Quartz Fingers Weak Spots in Earth's Crust

High concentrations of quartz, one of the most common minerals found at Earth's surface, may cause weak spots in the crust that determine where mountain ranges form and continents rift apart, a new study suggests.

On average, quartz—a chemically stable mineral particularly common in granites—makes up about 12% of Earth's crust. Quartz takes many forms, including sand grains and semiprecious gems such as agate and amethyst. These crystalline minerals are typically hard at Earth's surface, but they readily soften and flow at the temperatures and pressures found deep within Earth's crust—characteristics that make quartz one of the weakest minerals in that veneer. Accordingly, lab studies show that the abundance of quartz in a rock is one of the key factors influencing its tendency to flow under heat and pressure.

Now, a study published online today in Nature suggests a link between the quartz content of crustal rocks and large-scale deformations such as mountain ranges.

In the new research, geophysicist Anthony Lowry of Utah State University in Logan and colleague Marta Pérez-Gussinyé of Royal Holloway, University of London, analyzed seismic data gathered in the western United States. In particular, they looked at the speed of compressive P-waves, the seismic equivalent of sound waves in air, emanating from an earthquake. They compared those speeds with that of the temblor's S-waves, which move more slowly and transmit shear forces.

After removing the effects of temperature and density of crustal rocks on the speeds of seismic waves, the researchers found that at sites where the crust was stable, such as areas well east of the Rocky Mountains, P-waves traveled more than 1.8 times faster than S-waves. But at sites where the continental crust was deformed—all along the Rockies, for example, or in the Basin and Range province of central Nevada, where Earth's crust is stretching and thinning—the speed ratio falls below 1.8. This threshold offers a way to identify quartz-rich rocks deep in the crust, the researchers contend.

Besides explaining ongoing deformations, high concentrations of quartz may help explain why Earth's crust has apparently ripped apart at the same seams time after time, as supercontinents collided and then split again, while other regions have remained relatively unscathed, the researchers add.
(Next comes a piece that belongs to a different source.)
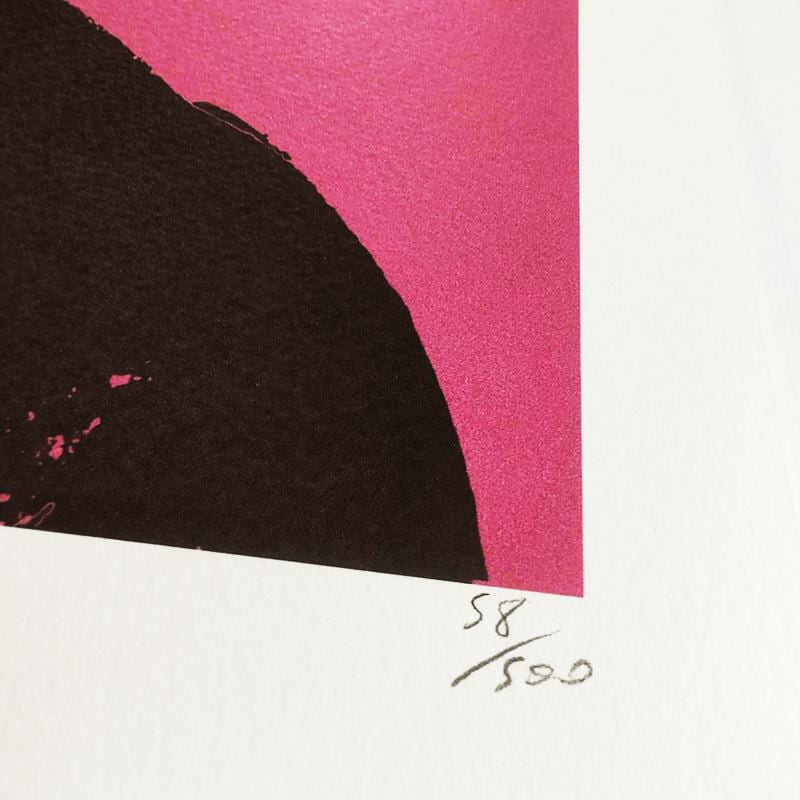 1980s Andy Warhol "Mickey Mouse" Limited Edition Lithograph by CMOA.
Once a quartz-weakened patch of crust has begun stretching or folding, increased heat flow from underlying rocks helps drive water out of the crustal minerals, a process that weakens the rocks even further, ensuring that large-scale deformations take place there and not elsewhere.

The team's results "are pretty convincing," says geophysicist Roland Bürgmann of the University of California, Berkeley. Although the researchers make a good argument that the presence of quartz starts the rock-weakening process, he notes, other factors, such as large-scale imperfections that formed when Earth's crust first cooled, could have helped determine where ancient crustal deformations originated. Similar analyses using seismic data gathered in the eastern United States should provide scientists with the raw material to test the team's quartz-weakening hypothesis, Bürgmann notes.
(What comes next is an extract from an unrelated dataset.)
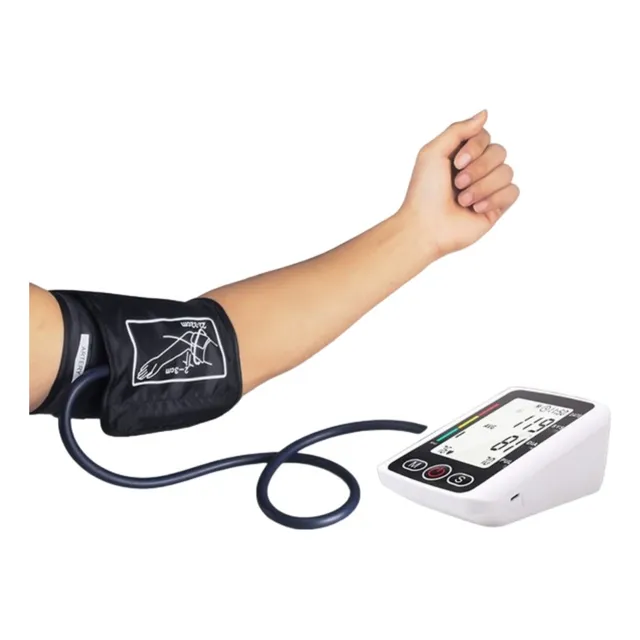 Aparelho Medir Pressão Arterial Medidor Automático Braço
The new findings are "very intriguing and reasonably plausible," says seismologist Don Forsyth of Brown University. Like Bürgmann, however, he notes that other factors may be at play. For example, he suggests, some of the features that Lowry and Pérez-Gussinyé ascribe to the crust may actually be related to rocks deeper in Earth's mantle. "Their results are very dependent upon their assumptions, and they've made a lot of assumptions," he notes.